When you create an alias, its icon looks the same as the icon that it represents, but the suffix alias is tacked onto its name and a tiny arrow called a badge appears in the lower-left corner of its icon. Figure 1 shows both an alias and its parent icon (that is, the icon that opens if you open the alias).


Figure 1: An alias icon (right) and its parent.

To create an alias for an icon, do one of the following:

  • Click the parent icon and choose File --> Make Alias.
  • Click the parent icon and press Command+L.
  • Click any file or folder, press and hold down the Command and Option keys, and then drag the file or folder while continuing to hold down the Command and Option keys.
    Presto! An alias appears where you release the mouse button. Better still, aliases created this way don't have that pesky alias suffix tacked onto them.
  • Click an icon while holding down the Control key and then choose the Make Alias command from the contextual menu that appears.
    The alias appears in the same folder as its parent.

Deleting aliases

Deleting an alias is an easy chore. To delete an alias, simply drag it onto the Trash icon on the Dock. That's it! You can also Control-click it and choose Move to Trash from the contextual menu that appears, or select the icon and use the keyboard shortcut Command+Delete.

Deleting an alias does not delete the parent item. (If you want to delete the parent item, you have to go hunt it down and kill it yourself.)

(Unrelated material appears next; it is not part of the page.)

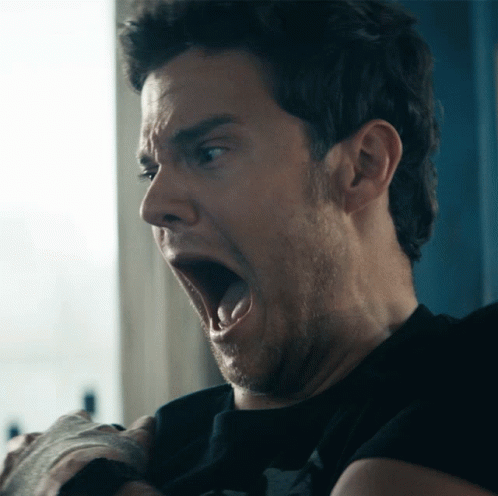 A Man Making A Funny Face With His Mouth Wide Open GIF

Hunting down an alias' parent

Suppose that you create an alias of a file, and later you want to delete both the alias and its parent file — but you can't find the parent file? What do you do? Well, you can use the Finder's Find function (try saying that three times real fast) to find it, but here are three faster ways to find the parent icon of an alias:

  • Select the alias icon and choose File --> Show Original.
  • Select the alias icon and use the keyboard shortcut Command+R.